Will EU Credit Rating Agencies be recognised by UK regulators and reversely?
The FCA has endorsed Credit Rating Agencies (CRAs) from the EU into the UK for regulatory purposes, in the event of a ‘hard Brexit’. The FCA assessed the EU regulatory and supervisory framework to be as rigorous as that of the UK’s, in order to allow UK registered CRAs to endorse credit ratings into the UK from affiliated EU CRAs.
At the same time, the European Securities and Market Authority (ESMA) issued a statement setting out the implications for UK CRAs, including the endorsement of UK credit ratings, in a no-deal scenario. It concluded that the foreseenUK legal and supervisory framework for CRAs meets the conditions for endorsement. However, ESMA added that “the decision to endorse some or all of the credit ratings issued by UK based CRAs lies exclusively with the EU27 CRAs.”

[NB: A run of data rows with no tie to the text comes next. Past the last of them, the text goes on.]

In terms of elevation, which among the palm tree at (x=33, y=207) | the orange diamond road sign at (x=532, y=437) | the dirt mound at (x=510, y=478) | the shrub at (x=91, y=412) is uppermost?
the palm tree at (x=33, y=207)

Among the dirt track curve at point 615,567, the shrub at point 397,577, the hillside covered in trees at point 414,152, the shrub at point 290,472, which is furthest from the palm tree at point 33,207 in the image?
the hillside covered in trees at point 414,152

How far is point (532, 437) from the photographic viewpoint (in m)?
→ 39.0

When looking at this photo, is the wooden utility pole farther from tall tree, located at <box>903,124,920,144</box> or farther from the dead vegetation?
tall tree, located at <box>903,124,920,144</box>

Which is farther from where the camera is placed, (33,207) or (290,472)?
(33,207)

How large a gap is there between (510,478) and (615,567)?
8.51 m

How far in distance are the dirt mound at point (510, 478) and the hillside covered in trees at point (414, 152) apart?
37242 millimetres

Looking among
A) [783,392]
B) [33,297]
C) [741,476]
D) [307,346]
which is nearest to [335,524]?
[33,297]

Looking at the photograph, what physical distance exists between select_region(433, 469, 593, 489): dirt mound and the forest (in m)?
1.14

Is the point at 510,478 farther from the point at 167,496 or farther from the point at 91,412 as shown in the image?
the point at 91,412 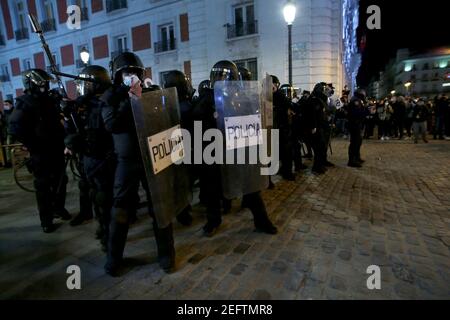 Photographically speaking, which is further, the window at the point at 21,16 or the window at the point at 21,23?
the window at the point at 21,23

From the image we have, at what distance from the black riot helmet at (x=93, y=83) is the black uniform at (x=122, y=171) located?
0.83 m

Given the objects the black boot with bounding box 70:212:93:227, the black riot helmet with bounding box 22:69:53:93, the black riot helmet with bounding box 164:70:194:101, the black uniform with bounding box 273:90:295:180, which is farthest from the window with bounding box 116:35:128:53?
the black riot helmet with bounding box 164:70:194:101

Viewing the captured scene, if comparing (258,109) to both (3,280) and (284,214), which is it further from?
(3,280)

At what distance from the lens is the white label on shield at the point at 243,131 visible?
3.04 m

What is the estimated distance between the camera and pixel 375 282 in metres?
2.40

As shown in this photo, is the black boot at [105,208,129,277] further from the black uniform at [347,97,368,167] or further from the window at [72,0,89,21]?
the window at [72,0,89,21]

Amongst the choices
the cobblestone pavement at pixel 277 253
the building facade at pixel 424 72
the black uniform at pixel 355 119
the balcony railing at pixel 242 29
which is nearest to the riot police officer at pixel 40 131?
the cobblestone pavement at pixel 277 253

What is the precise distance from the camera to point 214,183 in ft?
11.1

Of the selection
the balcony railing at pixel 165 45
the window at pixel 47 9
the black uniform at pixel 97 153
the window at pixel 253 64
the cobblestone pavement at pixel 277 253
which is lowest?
the cobblestone pavement at pixel 277 253

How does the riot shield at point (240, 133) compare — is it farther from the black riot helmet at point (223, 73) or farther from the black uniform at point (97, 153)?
the black uniform at point (97, 153)

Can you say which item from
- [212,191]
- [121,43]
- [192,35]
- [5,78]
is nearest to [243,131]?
[212,191]

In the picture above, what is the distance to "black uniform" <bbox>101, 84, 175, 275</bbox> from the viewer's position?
7.82 ft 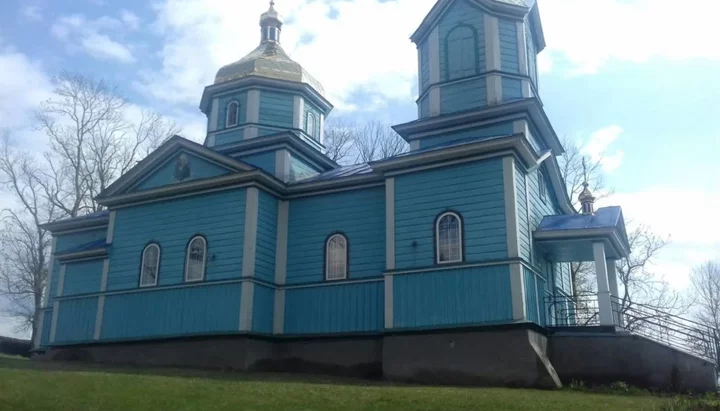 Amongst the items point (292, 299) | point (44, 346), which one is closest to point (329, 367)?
point (292, 299)

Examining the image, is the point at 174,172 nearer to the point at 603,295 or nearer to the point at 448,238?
the point at 448,238

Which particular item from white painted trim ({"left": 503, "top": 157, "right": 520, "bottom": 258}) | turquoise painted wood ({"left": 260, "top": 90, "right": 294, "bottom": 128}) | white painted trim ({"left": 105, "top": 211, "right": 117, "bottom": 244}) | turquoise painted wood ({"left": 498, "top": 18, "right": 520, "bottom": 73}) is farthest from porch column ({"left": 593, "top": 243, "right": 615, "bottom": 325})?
white painted trim ({"left": 105, "top": 211, "right": 117, "bottom": 244})

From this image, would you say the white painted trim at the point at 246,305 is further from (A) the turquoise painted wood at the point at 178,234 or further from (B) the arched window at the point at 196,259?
(B) the arched window at the point at 196,259

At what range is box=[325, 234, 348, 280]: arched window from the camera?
753 inches

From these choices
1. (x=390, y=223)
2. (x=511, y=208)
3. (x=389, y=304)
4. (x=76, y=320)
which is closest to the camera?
(x=511, y=208)

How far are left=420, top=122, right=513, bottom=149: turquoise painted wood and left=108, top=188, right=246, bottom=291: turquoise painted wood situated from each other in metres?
5.30

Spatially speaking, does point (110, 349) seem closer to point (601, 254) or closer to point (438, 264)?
point (438, 264)

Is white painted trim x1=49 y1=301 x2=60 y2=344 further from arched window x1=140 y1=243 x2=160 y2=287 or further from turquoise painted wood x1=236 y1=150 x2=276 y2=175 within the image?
turquoise painted wood x1=236 y1=150 x2=276 y2=175

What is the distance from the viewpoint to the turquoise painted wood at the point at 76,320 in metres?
21.2

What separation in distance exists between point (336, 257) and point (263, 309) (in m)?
2.37

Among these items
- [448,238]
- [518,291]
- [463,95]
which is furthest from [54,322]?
[518,291]

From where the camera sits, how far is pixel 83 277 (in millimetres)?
22625

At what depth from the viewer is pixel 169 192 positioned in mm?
20422

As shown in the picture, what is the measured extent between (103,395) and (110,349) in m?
8.82
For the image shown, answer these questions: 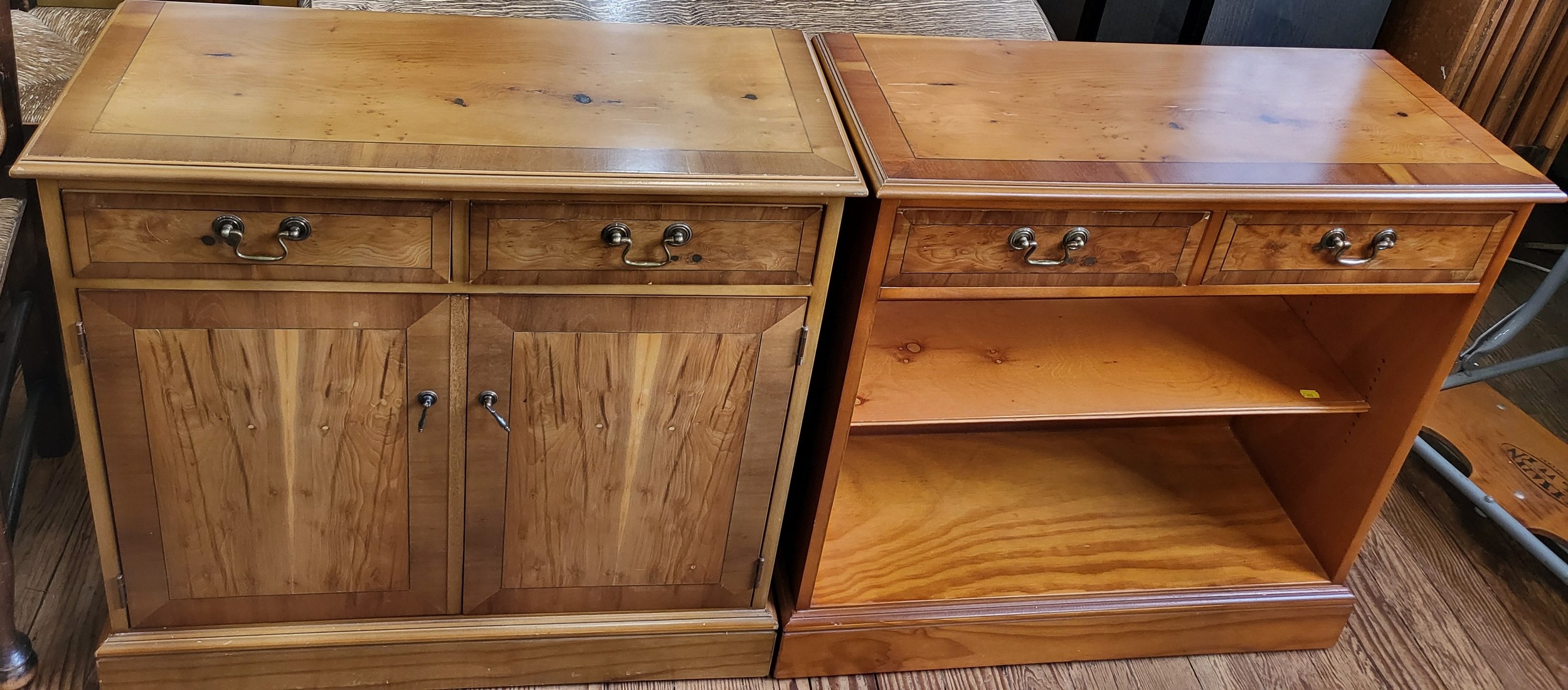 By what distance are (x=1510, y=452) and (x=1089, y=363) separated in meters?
1.08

Is there further guidance in relation to MIFID II/ MiFIR and other regulatory regimes?
In relation to MIFID/ MIFIR and Benchmark provisions, ESMA has published a statement on its approach to the application of some of the key aspects under a no-deal scenario:
- The MiFID II C(6) carve-out
- Trading obligation for derivatives
- ESMA opinions on post-trade transparency and position limits
- Post-trade transparency for OTC transactions between EU investment firms and UK counterparties
- Benchmark Regulation: ESMA register of administrators and 3rd country benchmarks
Furthermore, FCA has developed a new Benchmarks Register which will replace the ESMA’s Register for the UK supervised users. The new UK Benchmarks Register will also include benchmark administrators and third-country benchmarks.
What is the guidance in relation to the issue of overlapping of MIFIR trading obligations?
Following the requests received from many institutions, ESMA has provided guidance on the application of the trading obligation for shares in the absence of an equivalence decision by the European Commission, in a ‘hard Brexit’ scenario.
ESMA’s approach may lead to an overlap of trading obligations for a number of shares and potentially a greater level of fragmentation of trading, should the UK apply an identical approach. However, ESMA considers that not providing a clarification would, by default, lead to the application of the MiFIR to every share traded in the EU27. ESMA’s approach seeks to limit potential market disruption while also ensuring Article 23 MiFIR is adequately and consistently applied across the EU.
The FCA, whilst acknowledging the need for clarification, believes that a comprehensive approach is still required in order to prevent the overlapping of obligations and therefore considers that further dialogue is needed on this subject in order to minimise the risks of disruption.
How is the political negotiation timeline affecting the application window for the Temporary Permissions Regime (TPR)?
The TPR is a process that allows relevant institutions which passport into the UK, to continue providing business in the UK when the regime falls away on the exit day.
Since the EU Council and the UK Government have decided to delay the exit process, the FCA has extended the notification window for TPR (previously set to 28 March 2019) to 11 April 2019.
What is the FCA’s opinion and what are they doing to prepare?
The FCA has been working closely with firms to ensure that Brexit related risks are dealt with and mitigated in the hope that the overall process runs smoothly.
The FCA has emphasised their commitment to London maintaining its position as a successful global financial centre and is therefore preparing for all possible scenarios, including hard Brexit.